The Telco Cloud Platform (TCP) tier comprises the Automation and CaaS components of the Telco Cloud. While the Infrastructure tier focuses on IaaS, the Platform tier focuses on CaaS and the automated deployment of CaaS clusters, CNFs, and VNFs.

Figure 1. Telco Cloud Platform Tier
Telco Cloud Platform Tier

The major objectives of the Telco Cloud Platform tier are as follows:

  • CaaS deployment and life cycle management

  • On-boarding, instantiation, and life cycle management of VNFs and CNFs

  • Implementing the container repository

The components of the Telco Cloud Platform tier reside in the management domain created as part of the Telco Cloud Infrastructure.

Component

Description

Telco Cloud Automation

(Manager and Control-Plane nodes)

Responsible for creation of Kubernetes clusters, onboarding, and lifecycle management of CNFs, VNFs, and Network Services

Telco Cloud Automation

(Airgap Server)

Deployed in air-gapped environments to create and customize Kubernetes deployments

Harbor

Provides the OCI repository for images and helm charts

Workload Domain NSX Cluster

Provides SDN functionality for the management cluster such as overlay networks, VRFs, firewalling, and micro-segmentation.

Implemented as a cluster of 3 nodes

Aria Automation Orchestrator

Runs custom workflows in different languages

Note:

It is not necessary to deploy NSX as part of Telco Cloud Infrastructure and Telco Cloud Platform. A common NSX Manager can be used for the workload domains.

Telco Cloud Automation Architecture

Telco Cloud Automation provides orchestration and management services for Telco clouds.

Figure 2. Telco Cloud Automation - Virtual Infrastructure Endpoints
Telco Cloud Automation - Virtual Infrastructure Endpoints
  • TCA-Manager: The Telco Cloud Automation manger is the heart of the Telco Cloud platform. It manages the CaaS cluster deployments, Network Function and services catalog, network function and services inventory, and connectivity to partner systems (sVNFM and Harbor). The TCA manager also manages user authentication and role-based access.

  • TCA-Control Plane: The virtual infrastructure in the Telco edge, aggregation, and core sites are connected using the Telco Cloud Automation-Control Plane (TCA-CP). The TCA-CP provides the infrastructure for placing workloads across clouds using TCA. It supports several types of Virtual Infrastructure Manager (VIM) such as VMware vCenter Server, VMware Cloud Director, VMware Integrated OpenStack (VIO), and Kubernetes. Each TCA-CP node supports only one VIM type.

    The TCA Manager connects with TCA-CP to communicate with the VIMs. Both TCA Manager and TCA-CP nodes are deployed as an OVA.

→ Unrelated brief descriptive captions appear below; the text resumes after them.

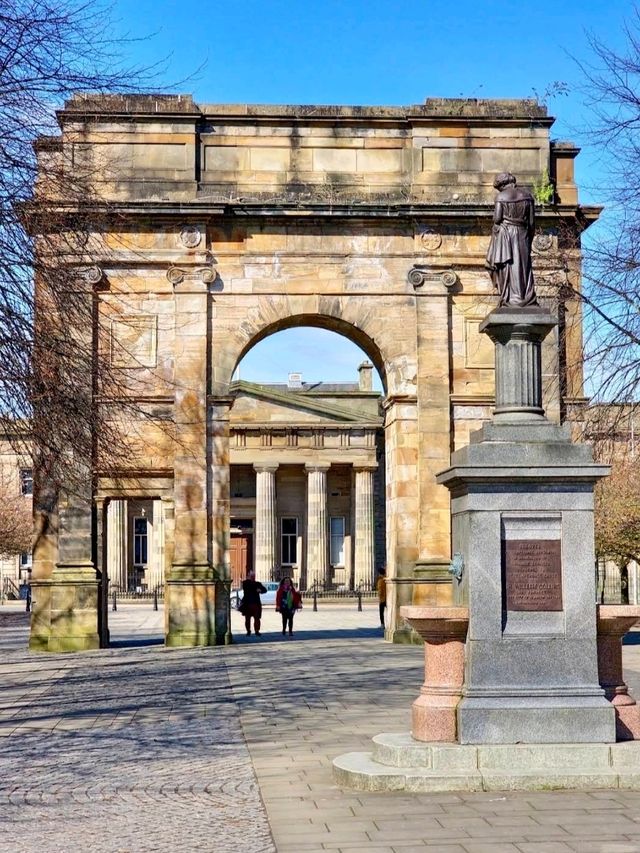 A Quiet Corner of History: McLennan Arch 🏛️🌿📸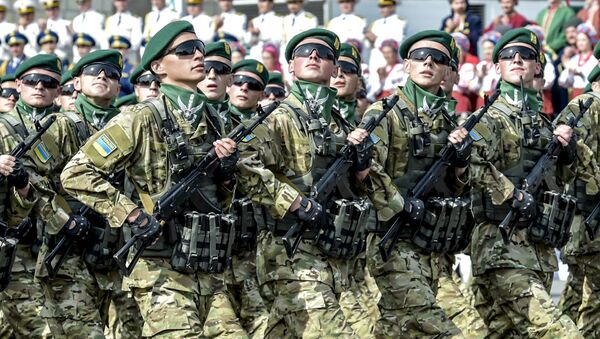 Војна парада украјинске војске на Дан независности у Кијеву - Sputnik Србија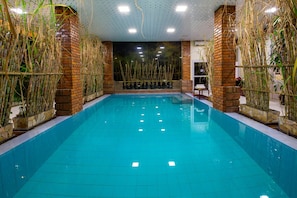 Piscina coperta, piscina all'aperto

    To deploy VNFs, the TCA Manager uses a Control Plane for VMware Cloud Director or VIO, although direct VNF deployments to vCenter is also supported. When deploying Kubernetes, the TCA Manager leverages a Control Plane node configured for vCenter - this is used for new Tanzu Kubernetes Grid deployments.

    A dedicated TCA-CP is required for each non-Kubernetes VIM.

  • SVNFM: Registration of supported SOL 003 based SVNFMs.

  • NSX Manager: Telco Cloud Automation communicates with NSX Manager through the VIM layer. A single instance of the NSX Manager can support multiple VIM types.

  • Aria Automation Orchestrator: Aria Automation Orchestrator registers with TCA-CP and runs customized workflows for VNF and CNF onboarding and day-2 life cycle management.

  • RabbitMQ: RabbitMQ tracks VMware Cloud Director and VMware Integrated OpenStack notifications. It is not required for Telco Cloud Platform when using Kubernetes-based VIMs only.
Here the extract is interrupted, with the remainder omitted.